Screen Lime vs. one sec

Screen Lime Team · 3 min read

Many people looking for a screen-time tool want the same thing: less automatic phone use without turning their phone into a locked-down punishment device.

That is why one sec has obvious appeal. It is a thoughtful, established app with a strong idea at its center: add a pause before distracting apps so there is a moment to decide whether opening them is intentional. For users who enjoy tuning a system, one sec offers a lot: app and website interventions, different timing modes, re-interventions, schedules, focus integrations, and more.

The tradeoff is that more control can also mean more setup.

The setup problem

one sec's app-open interruption flow can be cumbersome on iPhone because it relies heavily on Apple Shortcuts automations. In practice, that can mean creating or approving an automation for each app you want to interrupt, then adjusting the details if you want more than the default behavior.
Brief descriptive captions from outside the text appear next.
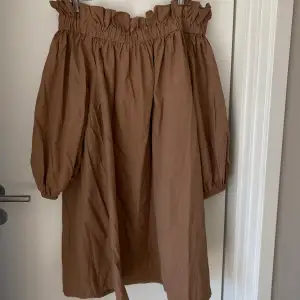 Rost/brun offshoulder klänning i nyskick!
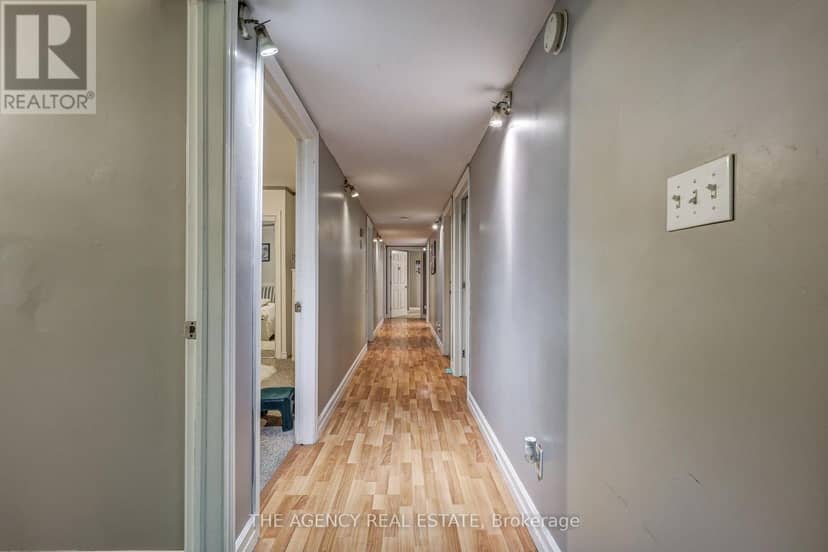 129 Oxford Street W — photo 14 of 40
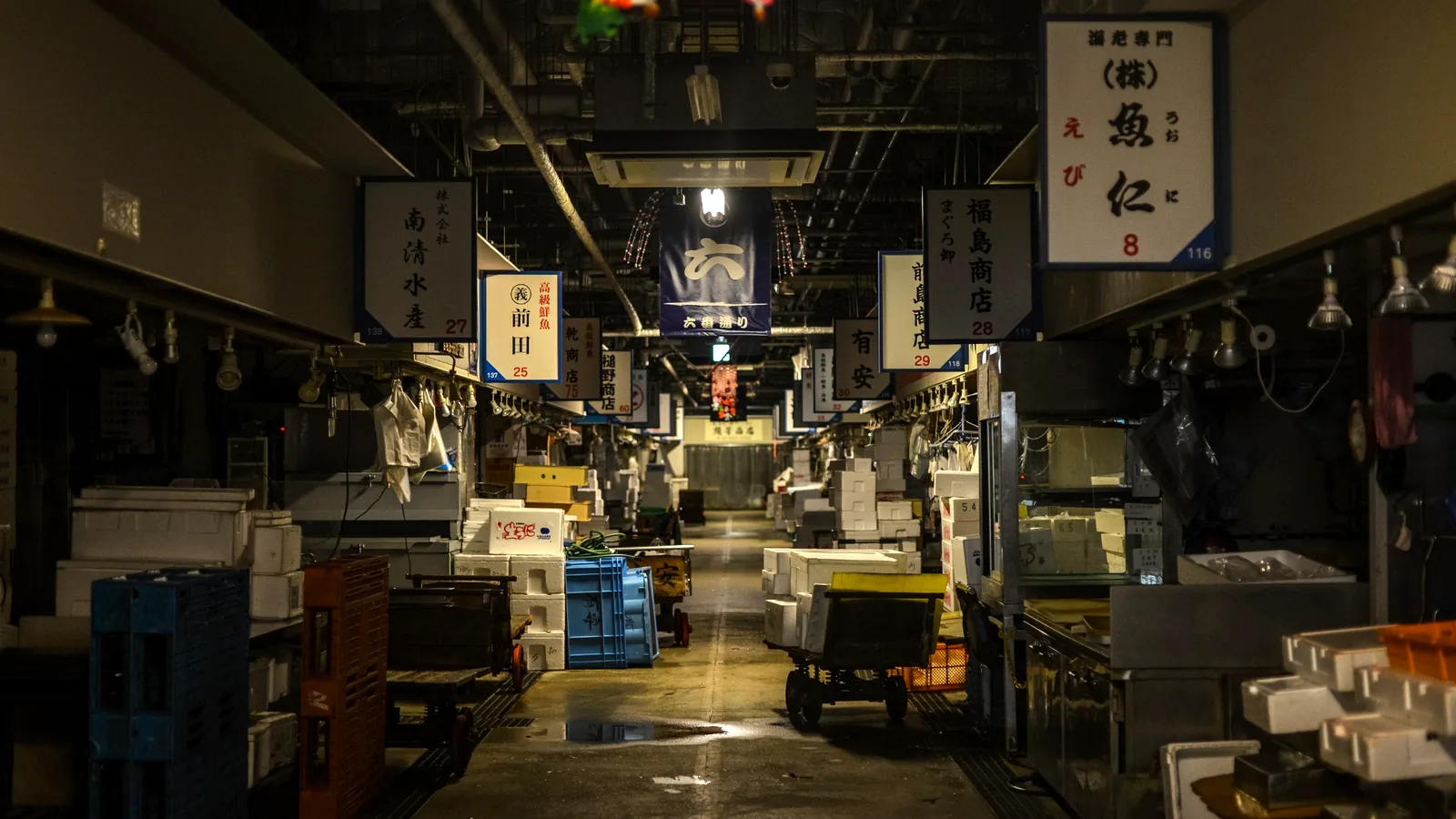 Interior aisle of Osaka Kizu Wholesale Market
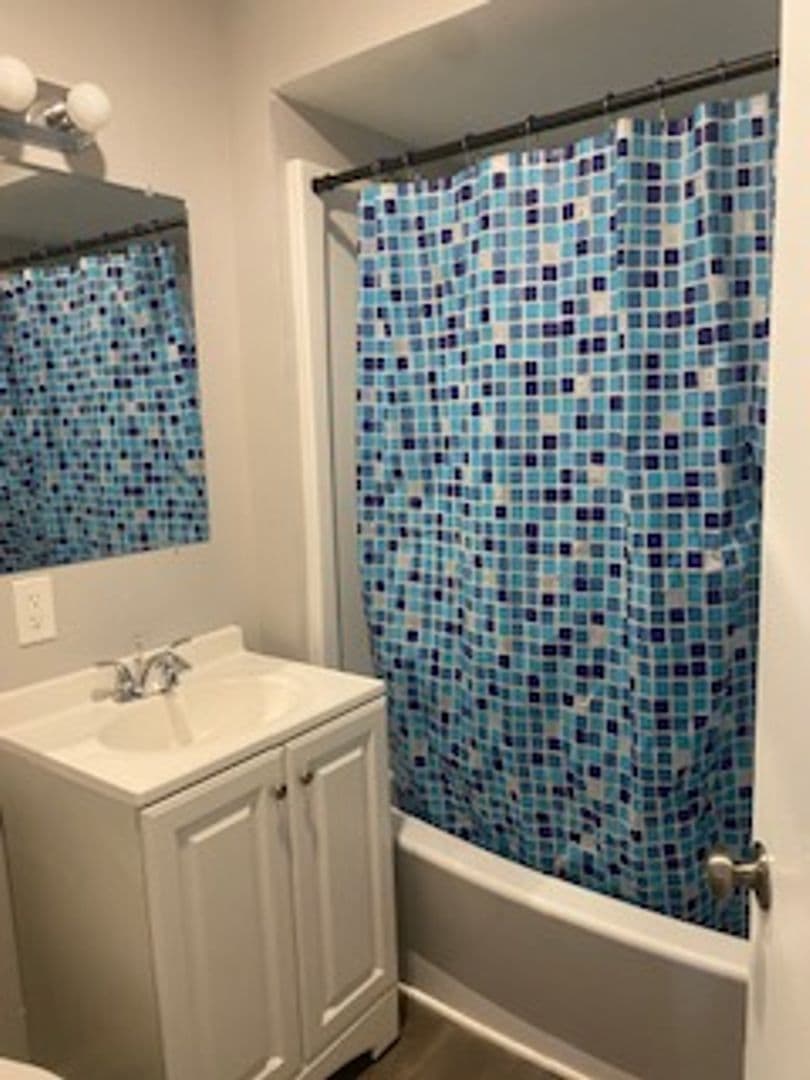 Morris Apartment: 117 West Main Street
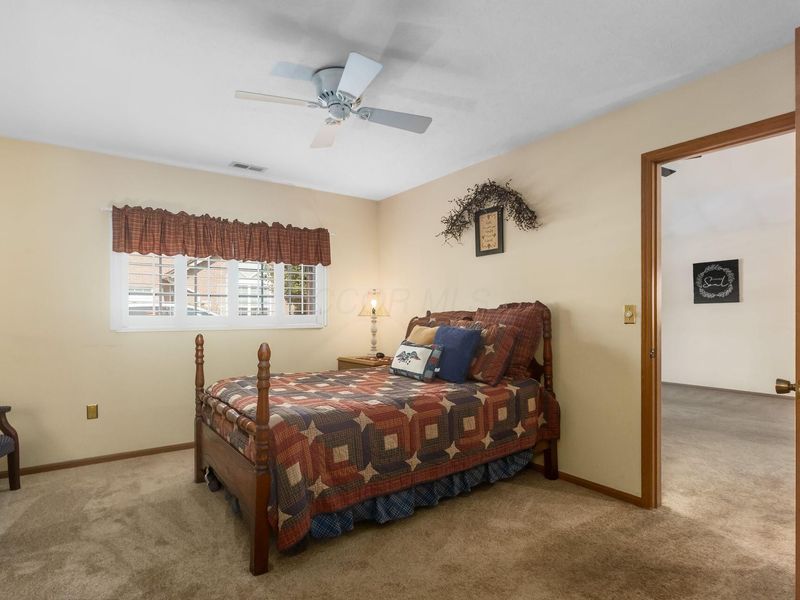 1911 Farmbrook Circle S, Unit 14, Grove City, OH 43123 Photo 21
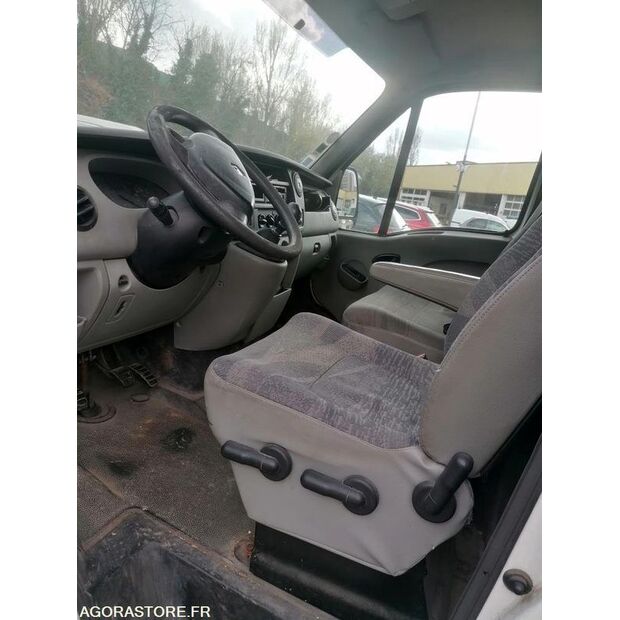 2005 Renault Master-46287765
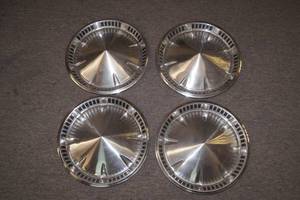 Set of 4 1972 Dodge Dart Hub Caps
For one app, that may be fine. For a handful of apps, websites, and recurring check-ins, the setup can start to feel like work before the benefit even begins. That does not make one sec a bad tool. It means the app is better suited to people who want a highly configurable system and do not mind spending time configuring it.

Screen Lime takes a different approach: fewer settings, faster setup, and a smaller set of choices.

Screen Lime keeps it simple

With Screen Lime, the goal is to get you to the useful moment quickly. Onboarding takes under a minute, there is no account creation, and your Screen Time data stays on your device. Choose the apps, categories, or websites you want to use less, and Screen Lime adds a short, single-breath pause before they open.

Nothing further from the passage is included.